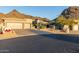 Tan two-story house with three car garage, desert landscaping, and mountain views at 11138 E Verbena Ln, Scottsdale, AZ 85255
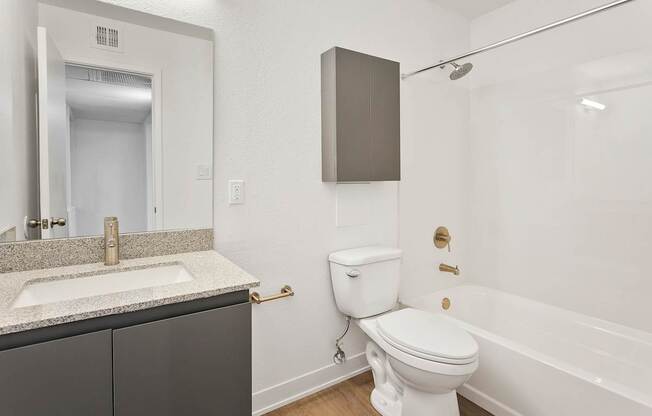A white toilet sits next to a sink in a bathroom.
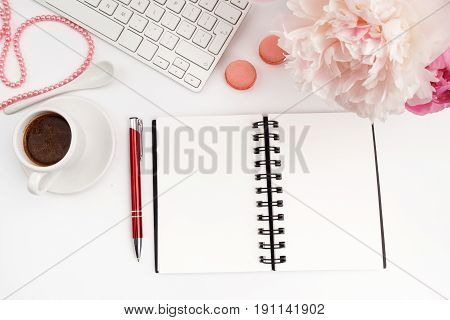Office desk table with computer, cup of coffee and peony flowers. White wooden background. Coffee break, notes or plan writing concept. Top view, flat lay.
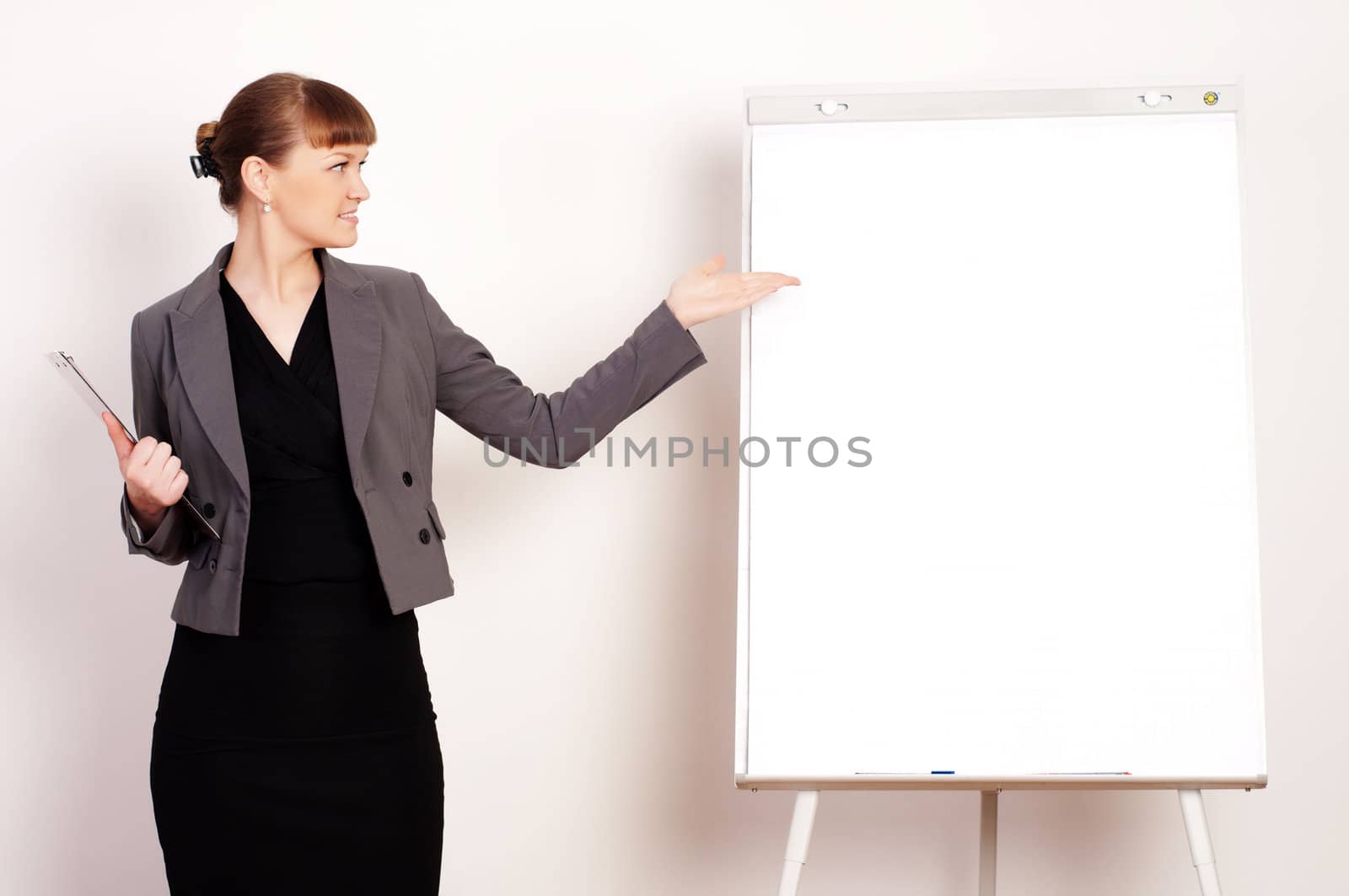 young beautiful woman shows up on a poster with a blank sheet of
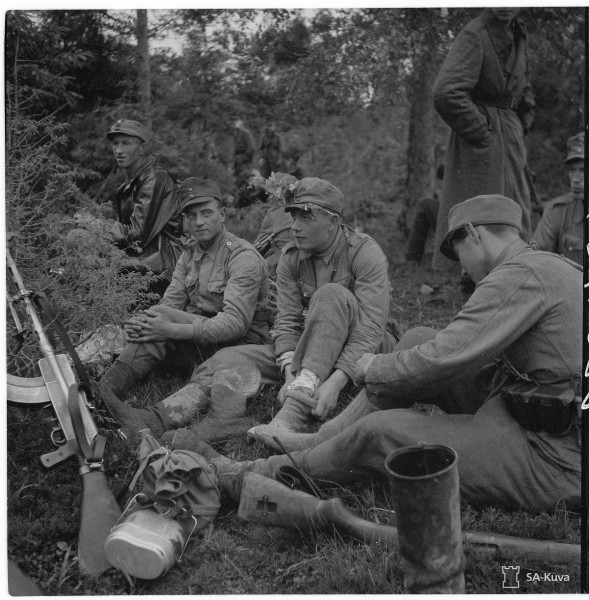 Finnish soldiers taking a break during a march. An M/26 can be seen on the left, while an M/39 Mosin-Nagant lays upside down nearby. Date taken: Jun 25, 1944.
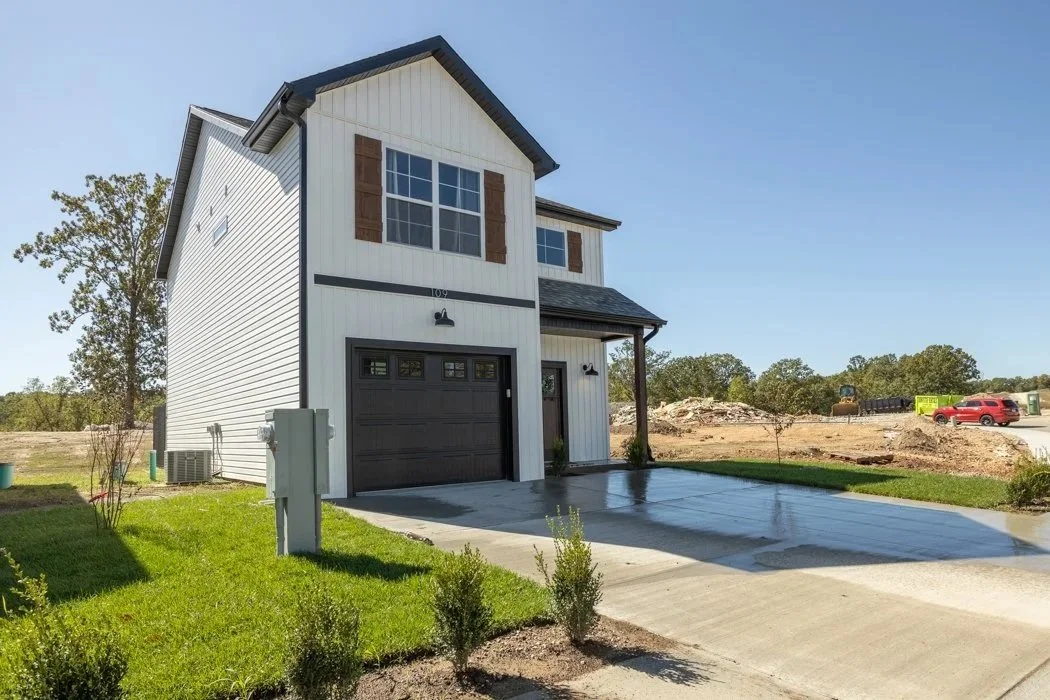 A modern two-story house with white siding and brown shutters, featuring a black garage door, a small front porch, and a newly paved driveway. The house is situated in a suburban area with trees and a clear blue sky.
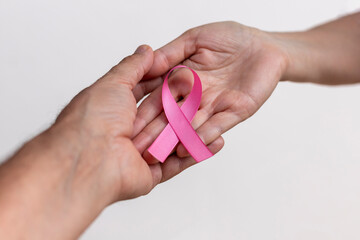 Wall Mural - woman hand with pink ribbon and man hand supporting. pink October. breast cancer awareness campaign. selective focus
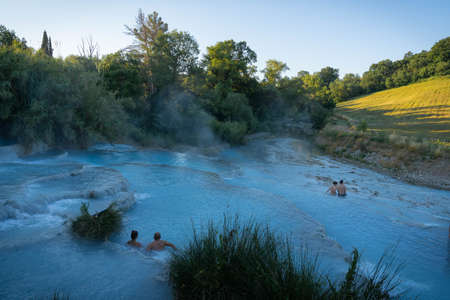 Saturnia, Italy - June 24, 2020, Two asian children taking bath in natural spa with waterfalls and hot springs at thermal baths in Saturnia, Tuscany in Italyのeditorial素材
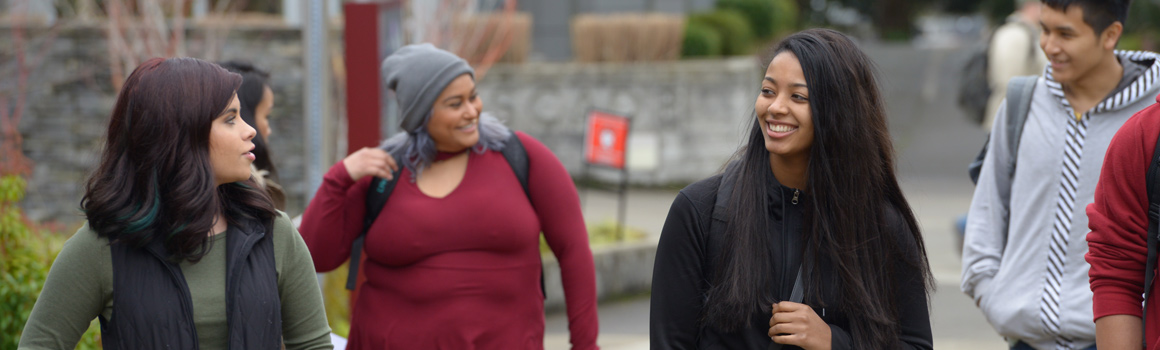 group of students walking and talking on fort steilacoom campus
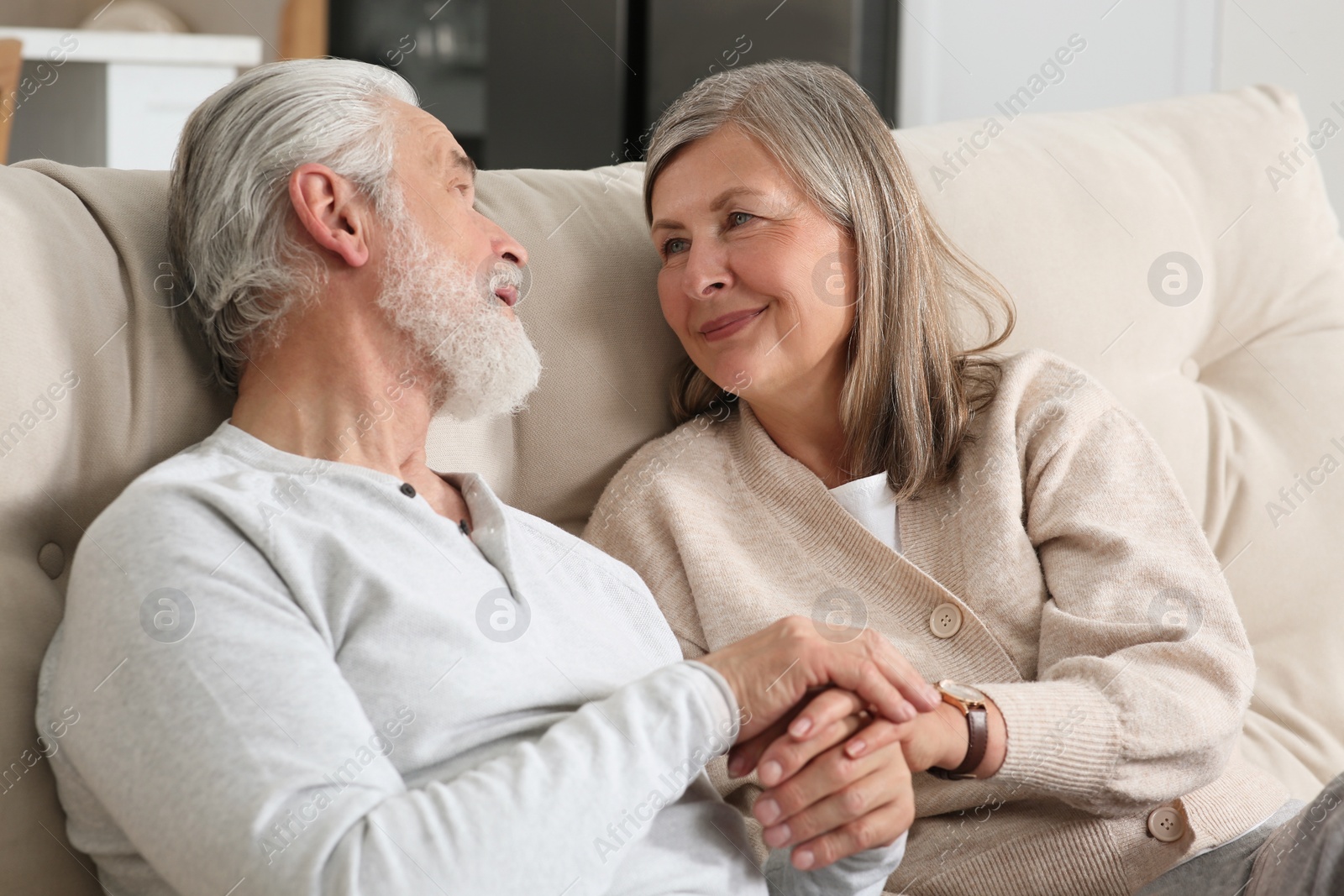 Photo of Affectionate senior couple relaxing on sofa at home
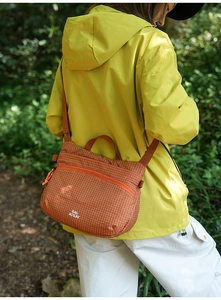 Detailed view of an orange checkered outdoor crossbody bag in a hiking forest setting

ACTIVITY: All pictures are to be skipped. Output, word for word, the lines in the data above starting at the line containing "Office desk table" and ending at the line containing "Finnish soldiers taking".

EXERCISE RESPONSE:
Office desk table with computer, cup of coffee and peony flowers. White wooden background. Coffee break, notes or plan writing concept. Top view, flat lay.
 young beautiful woman shows up on a poster with a blank sheet of
 Finnish soldiers taking a break during a march. An M/26 can be seen on the left, while an M/39 Mosin-Nagant lays upside down nearby. Date taken: Jun 25, 1944.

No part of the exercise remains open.